I believe that it is here that our greatest challenge lies as a nation, for although there are countless wonderful families, there are thousands of children who know nothing of true family life. And while we have great numbers of talented and highly motivated youngsters, we still have a very great number who do not have the skills needed for survival in this increasingly competitive and quality-driven world. And with no worthwhile qualifications, there will be no work. With no understanding or experience of home and family, there will be no true nurturing, no sense of community, of responsibility for self and others. And so there will be plenty of candidates for the exercise of judicial youth justice.

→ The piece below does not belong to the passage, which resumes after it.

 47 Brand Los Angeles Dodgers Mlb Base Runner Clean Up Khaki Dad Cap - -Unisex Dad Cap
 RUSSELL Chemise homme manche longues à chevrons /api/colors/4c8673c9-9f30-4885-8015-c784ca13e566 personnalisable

What a cheerful way to start off this Conference! So let me be more positive and pay tribute to all who work in this most vital part of our justice system. I am sure we have got it right in terms of legislation and structure. I know how fortunate the nation is in the quality of our Judges and all the other professionals who make up the youth justice teams, for teams I am sure you need to be, and are. I am confident that this Conference, with its wide range of topics, and its excellent array of contributors, and its multi-disciplined participants, will be a shot in the arm for you all, an opportunity to share ideas and experiences and to gain fresh insights. I trust too that it will send a message to the wider community, to those who make decisions, and to those whose opinions carry weight with them; a message about caring, and community, and the acceptance of responsibility. For youth justice is the concern of us all.